Margenot described the various attributes or dimensions that terms used to describe these pools try to capture, including the magnitude of the stock (agnostic to flux or source); its form (species of interest, labile v. recalcitrant); its origin (anthropogenic or geogenic, regardless of speciation); its age (e.g., recently applied or applied long ago); and its impact (e.g. agronomic benefit or water column detriment). He noted that we often think in terms of binaries when adopting terminology (e.g. old v. new), but that these attributes really occur across spectra of values (e.g. oldest to newest).  As one proposal, he suggested we could adopt multi-dimensional definitions, such as “labile new anthropogenic P” and “mixed lability, old, geogenic P”.

His talk was followed by one from Dr. Amy Shober (University of Delaware) who was part of a SERA-17 working group that met over three years to develop a shared legacy phosphorus lexicon. Shober described how we often discuss legacy P in either an agronomic context, where it represents a resource opportunity (soil pools farmers can tap), or an environmental context, where it represents a pollution problem.
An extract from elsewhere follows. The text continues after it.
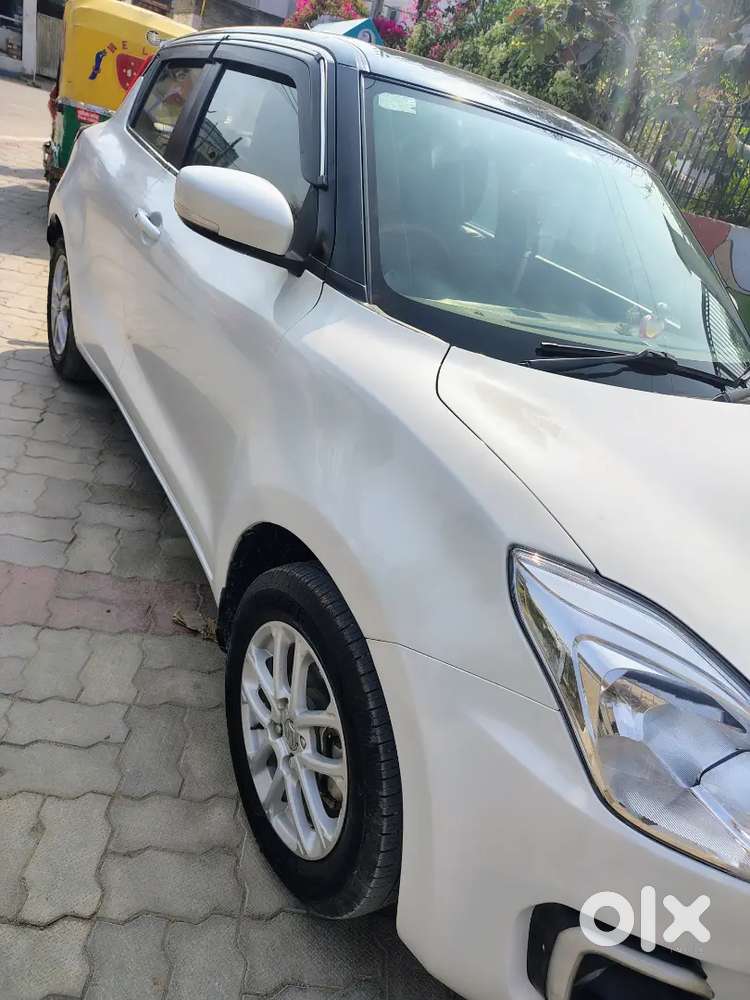 Maruti Suzuki Swift 2022 Petrol 33000 Km Driven With Cng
At the end of the day, we measure phosphorus concentrations, and some possible functional definitions were described.

Researchers in the room were encouraged to consistently report total P in their work as a way to track the larger store of P in soils and sediments, encompassing legacy P.

Dr. Pete Kleinman finished the discussion by describing an effort he is leading to develop a unique perspective piece on legacy phosphorus to be published in the Journal of Environmental Quality. The approach will be to solicit and assemble a range of disciplinary perspectives from 30-50 authors on how the term legacy P is used in fields such as agronomy, hydrology, oceanography. Demographic information about the authors will be collected, as will their opinions about such topics as:

  • How does legacy P intersect with your work?
  • What context/scale do you work in?
  • How do you define legacy P?
  • Is it consistent with others?
  • What gaps in legacy P science and management should be addressed?

By looking across these perspectives and correlating them to the knowledge domains from which they derive, the hope is that a clearer, shared lexicon can be derived. A manuscript is scheduled to be submitted in September 2025.

Legacy Phosphorus Drawdown

Dr. Luke Gatiboni (North Carolina State University and STEPS Center) discussed the rate of drawdown of legacy phosphorus achieved by ceasing phosphates application. Two published studies had demonstrated a 3-5% reduction per year in soil test phosphorus during a period of drawdown, and Gatiboni’s team was interested in whether these rates were more broadly applicable and what factors influenced drawdown rate.

To study this, they conducted a meta-analysis that ultimately selected 14 different published studies of a total of 56 drawdown sites/treatments from across the US and Canada.  Drawdown rates were statistically correlated to a set of characteristics that included the soil test method used, whether they contained low or high P soils, the type of crop rotation used, and the soil type present. For many of the studies, yield data was missing, as were P export data.

Their analysis suggested that the initial P availability was far more predictive of drawdown rate than other factors. The soil test method used had some predictive power, but, perhaps surprisingly, the crop rotation used and the soil texture were not very predictive. In the first 15 years of drawdown, the rates of drawdown ranged from 0.9 to 7.8 mg P/kg soil/yr, and it generally took 8-15 years to achieve 50% reductions in STP.